NEW CASTLE Jurors return to deliberate Ricciardi case

Prosecutors said the girl was killed because she threatened to turn in the men.
NEW CASTLE, Pa. -- Jury deliberations in the homicide trial of Perry S. Ricciardi II were expected to resume this morning.
Jurors spent about six hours deliberating Thursday evening before asking the judge to be released for the evening.
The six-man, six-woman jury asked the judge to define the various degrees of homicide before deciding they could not deliberate any longer.
Judge J. Craig Cox instructed jurors to return for more deliberations at 9 a.m. today.

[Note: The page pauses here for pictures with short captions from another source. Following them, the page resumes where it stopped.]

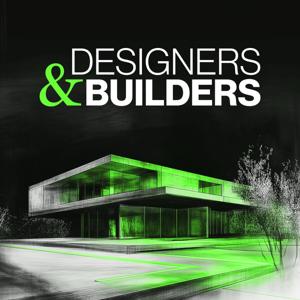 Designers & Builders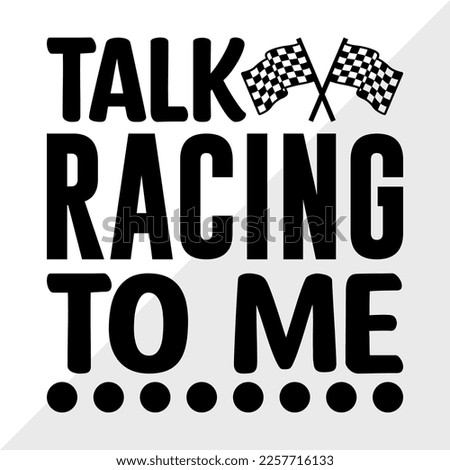 Talk Racing To Me SVG Printable Vector Illustration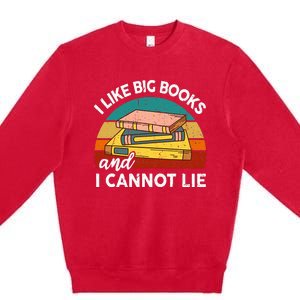 Funny I Like Big Books Cannot Lie English Reading Teacher Premium Crewneck Sweatshirt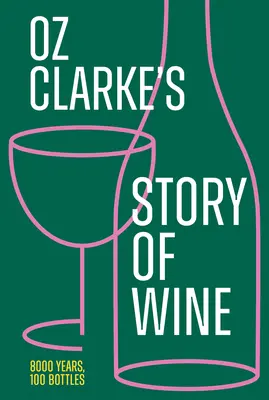 Oz Clarke: Příběh vína: 8000 let, 100 lahví - Oz Clarke's Story of Wine: 8000 Years, 100 Bottles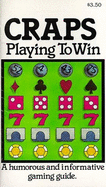 Craps: A Humorous and Informative Gaming Guide
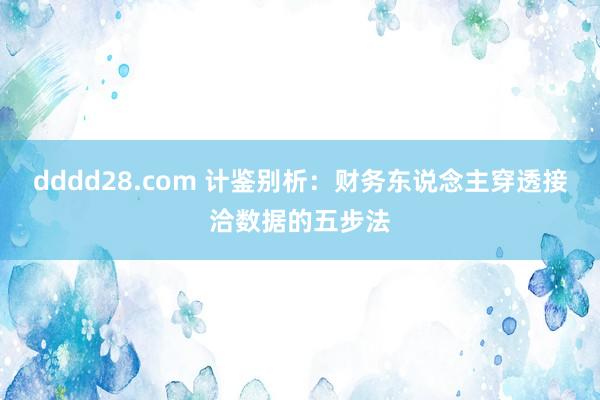 dddd28.com 计鉴别析：财务东说念主穿透接洽数据的五步法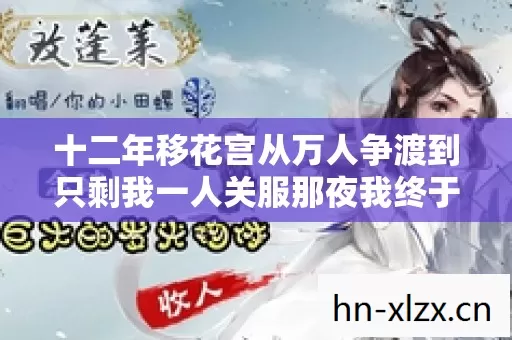 十二年移花宫从万人争渡到只剩我一人关服那夜我终于没忍住泪 十二年移花宫从万人争渡到只剩我一人关服那夜我终于没忍住泪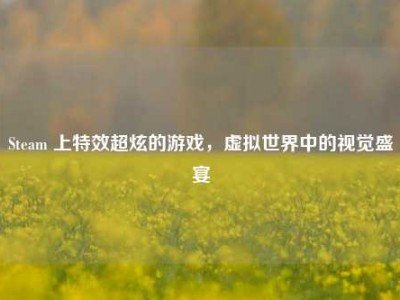 Steam 上特效超炫的游戏，虚拟世界中的视觉盛宴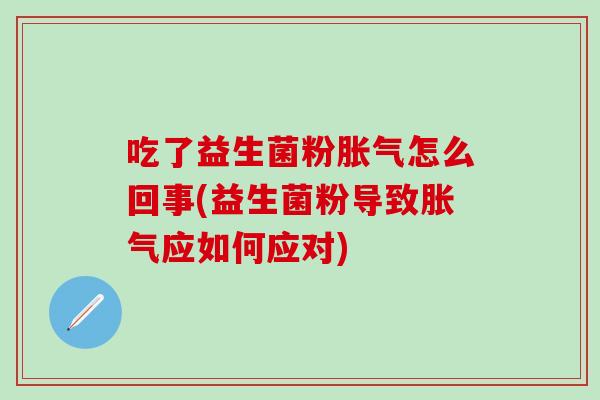 吃了益生菌粉怎么回事(益生菌粉导致应如何应对) 吃了益生菌粉怎么回事(益生菌粉导致应如何应对)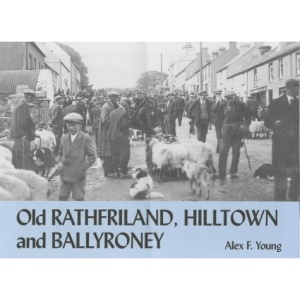 Old Rathfriland, Hilltown and Ballyroney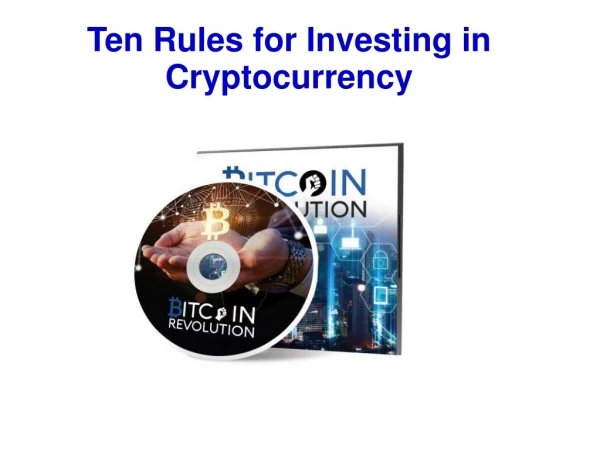 Ten Rules for Investing in Cryptocurrency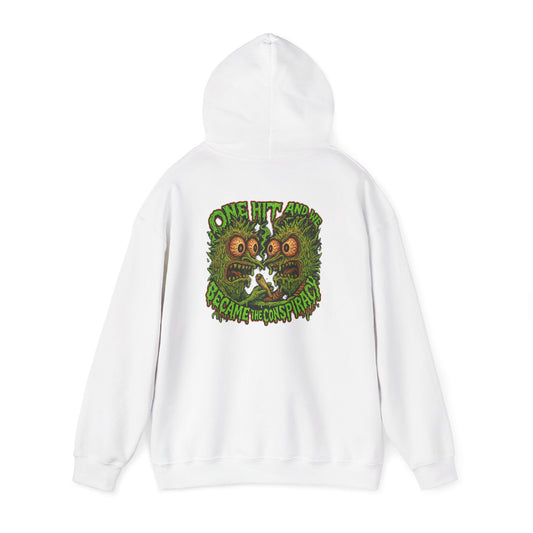 One Hit and We Became the Conspiracy Hoodie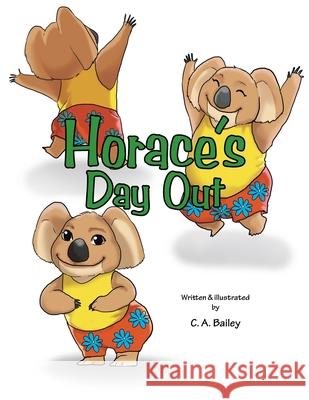 Horace's Day Out C. A. Bailey 9781669887386 Xlibris Au - książka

Jurors heard about five hours of closing arguments earlier Thursday from defense lawyer Dennis A. Elisco and Assistant District Attorney Thomas Minett.
Ricciardi, 22, formerly of Struthers, is accused in the stabbing death of 12-year-old Shannon Leigh Kos of Youngstown. He could face the death penalty if jurors convict him of first-degree murder.
William Monday, 23, and David Garvey, 22, both formerly of Struthers, were also arrested in Shannon's death. Monday pleaded guilty to homicide charges last year and is serving a life sentence; Garvey is awaiting trial.
Comments about police
Elisco, in his closing arguments, told jurors that Ricciardi was the victim of overzealous police and prosecutors who were looking for another suspect. The defense attorney argued that his client went willingly to police to help put Garvey and Monday behind bars.
"The Commonwealth and its officers don't care about the truth. They just want to win," Elisco said.
Elisco contends that police officers decided early on that Ricciardi was involved and they used lies during police interviews to get more information from his client.
"They say it's necessary [to lie] to get to the truth. It's necessary in their minds to get what they believe is the truth. They play judge and jury because they are so sure their investigation abilities are so good," Elisco said.
But Minett argued in his closing statement that it was Ricciardi who was lying during police interviews.
"We saw this defendant over and over again not be truthful. He was minimizing the events," Minett said.
Minett told jurors that prosecutors think Shannon was killed to eliminate her as a witness against the men.
According to police statements given by Ricciardi, Shannon initially went willingly with the men, but threatened to turn them over to police after they refused to take her home sometime later. Ricciardi said Shannon told them she was on house arrest.
The murder "was in furtherance to protect the freedom of the three men. Common sense tells you it was to protect these three from Shannon reporting them to police," Minett said.